Today I had two people comment on my perfume ... wow what a relief.   To fully understand the importance of this, you would need a little back story.    A little over a year  ago my ex husband informed me that I stank and that I was sending Joey to his house smelling like dogs.    He did this on the phone one evening and then he followed up with it in person.    It was one of those awful moments that will likely forever be burned into my memory.    We were standing outside Joey's school, and we had just had a pretty awful meeting about Joey being bullied.   One of the mean comments being made was that Joey smelled.   I felt it was from Joey being a typical boy and not being too interested in hygiene.    He was getting to the point that showers were not something to be skipped and he also needed to start using deodorant.     BUT my ex husband had a different take on it.       I said something about how I was being very vigilant about making  sure Joey was taking a shower consistently, etc and my ex said "But the smell is all over you too.    It's all over your house and it's covering your clothes and everything in your house."    Of course, he looked me up and down like I was the dirtiest,  grossest person on the planet.   It was really awful - I can still remember what I had on and how filthy I felt.   God, what a really shitty thing to say.     Instead of being offended,  I immediately accepted what he was saying as truth.   I felt so awful about what I had done to my son.  I felt that through fostering dogs I had put Joey in the situation that he was being made fun of.   Even his Dad was saying he stank as well as me.   I felt like the worst mother on the planet - even thinking back on that conversation with my ex I could cry.

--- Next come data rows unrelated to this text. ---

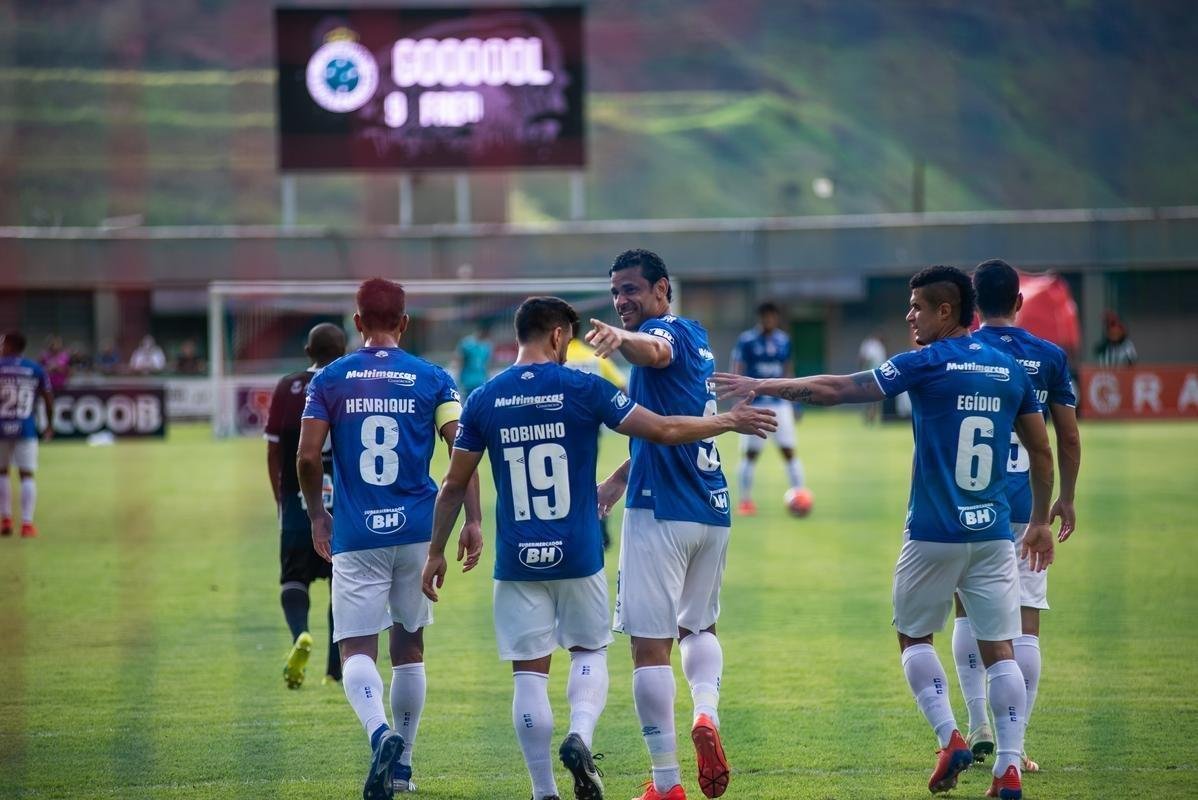 Fotos do jogo entre Tupi e Cruzeiro, em Juiz de Fora, pela dcima rodada do Campeonato Mineiro
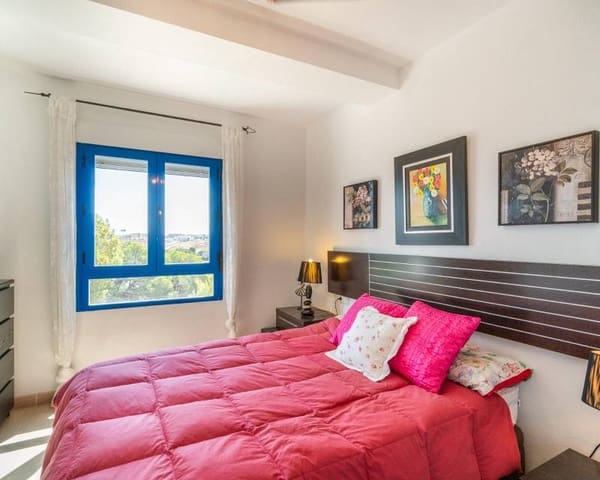 2 soveværelse Lejlighed til salg i Campoamor, Orihuela med swimmingpool - € 215.000 (Ref: 10034250)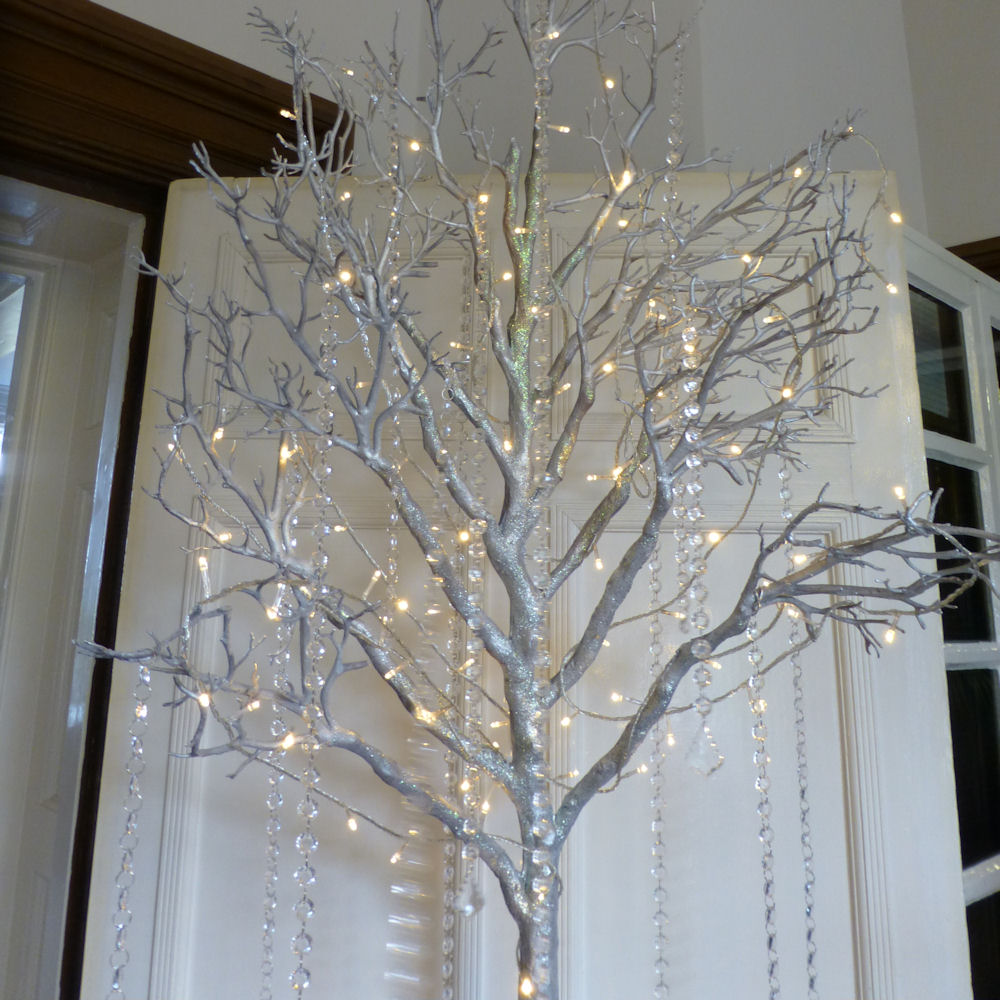 Crystal Garland/Strand 11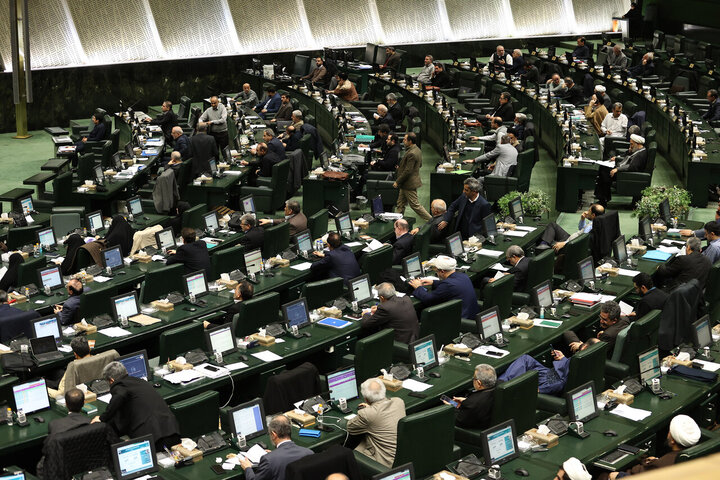 ایرادات واگذاری ایران خودرو به کروز این هفته در مجلس بررسی می‌شود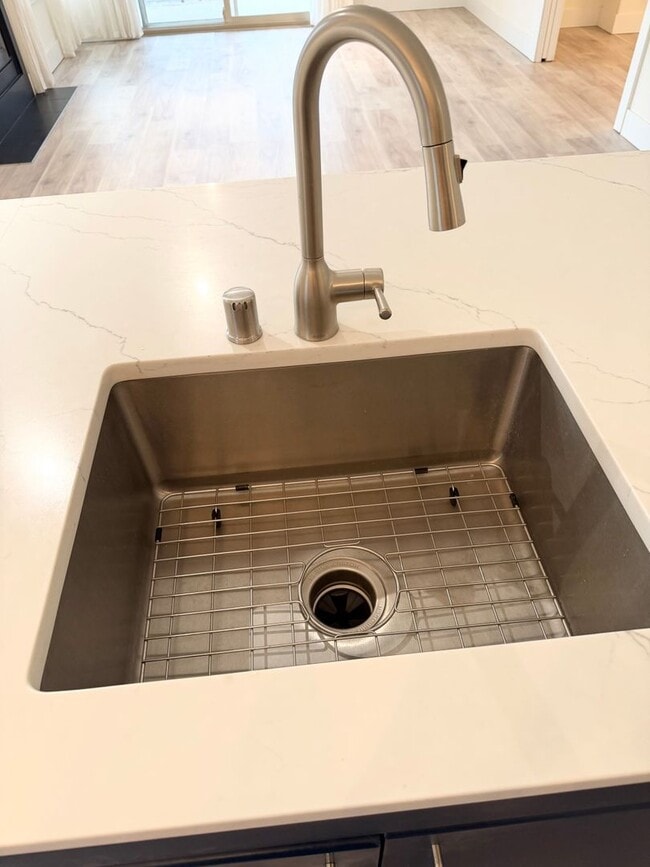 Building Photo - 1550 Eastlake Ave E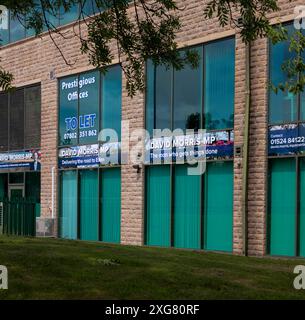 Ex ufficio del deputato conservatore / conservatore estromesso per Morecambe e Lonsdale David Morris con uffici da lasciare firmare. Elezioni generali del 2024 Regno Unito Foto Stock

After that incident, I was totally paranoid and constantly asking people I knew if Joey or I smelled like dog poop and pee.   Everyone told me we didn't, but I was scared that they were just being nice.      What's strange is that I was just telling my friend at work this story yesterday while we were having lunch.    (We've known each other for years, so I'm not just telling random people at work about my ex husband! ha)   Anyway, she reassured me that she's never smelled anything remotely "doggy" about me - Thank God.    When I told her I thought it was such a mean thing to say, she was like "UH YEAH DUH - but isn't that what the dynamic of your relationship is still about?   Him doing and saying things to keep you feeling down about yourself?     

I hadn't talked about this incident or brought it up to anyone for a long time.   So it's a little strange  that today I spent some time with my family and got two "compliments" about how I smelled.    My brother sat down next to me and informed me whatever perfume I was wearing made me smell like I had showered too many times.   And then my sister in law also asked me what perfume I was wearing.   HA   Guess I don't stink after all, in fact I smell C L E A N!!!!!    And, no, I'm not talking about after I've spent hours at an adoption event cleaning up poop and pee or after giving a dog a bath.  ;)   But in my normal, every day life - I do NOT stink apparently.

The perfume, shower gel and lotion I currently use is "Grace" by Philosophy.   It's this really fresh, clean smell and some people even say the scent can help create a peace of mind.    I've been using the shower gel/lotion for a while but just got the perfume for myself in December.   

Considering how relieved and proud I felt, I think it's clear that those mean words spoken to me over a year ago are still haunting me.